On Friday, the RWAs said since power companies have been carrying out load-shedding for several hours everyday, the residents should be offered compensation for the duration of the power cuts.

The RWA’s were also critical of the Delhi administration’s decision to issue “full-page advertisements boasting 100 per cent power by the Delhi Government”.

“Recently the Delhi Government had issued full-page advertisements in the national dailies claiming Delhi is the only State in the country providing 100 per cent power to residents. This claim had fallen flat on the very first day of the New Year. The discoms should be fined for regular power cuts and consumers should be compensated with lower bills,” said Anil Bajpai, president of Delhi Residents’ Forum and RWA Federation, Delhi East.

The discoms’ explanation that the power cuts have been triggered by a coal shortage has failed to cut ice with the consumers. “When we ask the discoms, they keep blaming [power cuts] on shortage of coal and gas as well as power grid failure. When we ask the Government [for explanations] it keeps blaming the weather,” said Rahul Suri of South Extension Part-I RWA.

S.P. Chauhan, a resident of Garhi, near East of Kailash, said the area has to bear the brunt of unscheduled outage three to four times a day. Similar complaints were reported by RWAs in Greater Kailash, Mayur Vihar and Ram Vihar.

Angry with the discoms and the Government for not being able to live up to the promise of a 24x7 power supply, residents complained that while tariffs have gone up substantially, there has been little improvement in the supply and services.

“Residents are being forced to pay due to wrong policies of the Government and fudged accounts shown by the power distribution companies, which are making huge profits. The Government should increase the power tariffs in the VIP NDMC area first and bring it to par with the rest of the city,” said Mr. Bajpai.

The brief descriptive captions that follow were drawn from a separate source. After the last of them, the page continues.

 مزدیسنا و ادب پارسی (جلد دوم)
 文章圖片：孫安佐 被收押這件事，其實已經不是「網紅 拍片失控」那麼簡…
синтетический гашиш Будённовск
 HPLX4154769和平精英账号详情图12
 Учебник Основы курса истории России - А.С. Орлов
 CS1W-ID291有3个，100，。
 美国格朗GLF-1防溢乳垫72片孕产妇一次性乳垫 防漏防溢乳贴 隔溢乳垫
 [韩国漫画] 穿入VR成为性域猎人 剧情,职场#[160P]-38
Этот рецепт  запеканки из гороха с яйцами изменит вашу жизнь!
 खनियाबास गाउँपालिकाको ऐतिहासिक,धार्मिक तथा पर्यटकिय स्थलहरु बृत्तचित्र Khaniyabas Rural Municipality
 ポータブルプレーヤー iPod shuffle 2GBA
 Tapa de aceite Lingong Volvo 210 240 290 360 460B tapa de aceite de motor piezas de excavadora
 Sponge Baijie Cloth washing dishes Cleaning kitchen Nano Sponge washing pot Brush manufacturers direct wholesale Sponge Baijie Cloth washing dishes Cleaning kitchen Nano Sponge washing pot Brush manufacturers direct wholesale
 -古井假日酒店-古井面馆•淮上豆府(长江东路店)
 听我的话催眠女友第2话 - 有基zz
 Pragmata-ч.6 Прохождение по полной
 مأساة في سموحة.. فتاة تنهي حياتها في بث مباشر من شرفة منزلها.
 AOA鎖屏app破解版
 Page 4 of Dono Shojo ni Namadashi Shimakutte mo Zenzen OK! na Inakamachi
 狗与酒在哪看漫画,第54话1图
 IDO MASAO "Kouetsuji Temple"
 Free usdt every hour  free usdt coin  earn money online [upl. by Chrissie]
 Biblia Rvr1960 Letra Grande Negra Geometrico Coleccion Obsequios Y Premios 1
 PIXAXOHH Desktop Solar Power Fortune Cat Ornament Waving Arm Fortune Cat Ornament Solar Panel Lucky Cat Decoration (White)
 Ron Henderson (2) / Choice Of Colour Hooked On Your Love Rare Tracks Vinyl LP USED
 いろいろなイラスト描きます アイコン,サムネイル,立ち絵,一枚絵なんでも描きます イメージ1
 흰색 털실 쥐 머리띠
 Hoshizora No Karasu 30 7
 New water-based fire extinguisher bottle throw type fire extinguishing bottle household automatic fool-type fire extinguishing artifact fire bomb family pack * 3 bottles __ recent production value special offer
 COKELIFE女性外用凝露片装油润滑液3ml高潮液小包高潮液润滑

Admitting there has been a shortage of power, an official of the Power Department said the discoms have been asked to arrange power from West Bengal and to buy from the open market, irrespective of the high costs.

The average shortfall that the city faces is between 300-400 MW everyday.

The discoms for their part have blamed the crisis on the unavailability of coal. “Over a third of the coal based power plants in India are running on critical coal stocks – having coal of less than 7 days. Delhi discoms had arranged sufficient power for the winter months, but due to unforeseen reasons beyond their control, parts of Delhi have been facing intermittent shedding for the last few days. These were largely due to Delhi getting less power from several power plants, including Dadri. With the dense fog forcing cancellation and rescheduling of goods trains, as reported by some generators, there has been a coal shortage at Dadri plants, resulting in a reduction of 300-500 MW of power to Delhi,” said a discom official.

Delhi is also not getting another 200 MW power from Chandrapura – units 7 and 8 for the past one week because of congestion in the transmission corridor.

“Though these are long-term PPAs, but Delhi was given a short-term open access. The discoms have had to carry out rotational load-shedding also because of the restrictions to overdraw from the Northern Grid so as not to breach the grid code,” the official said.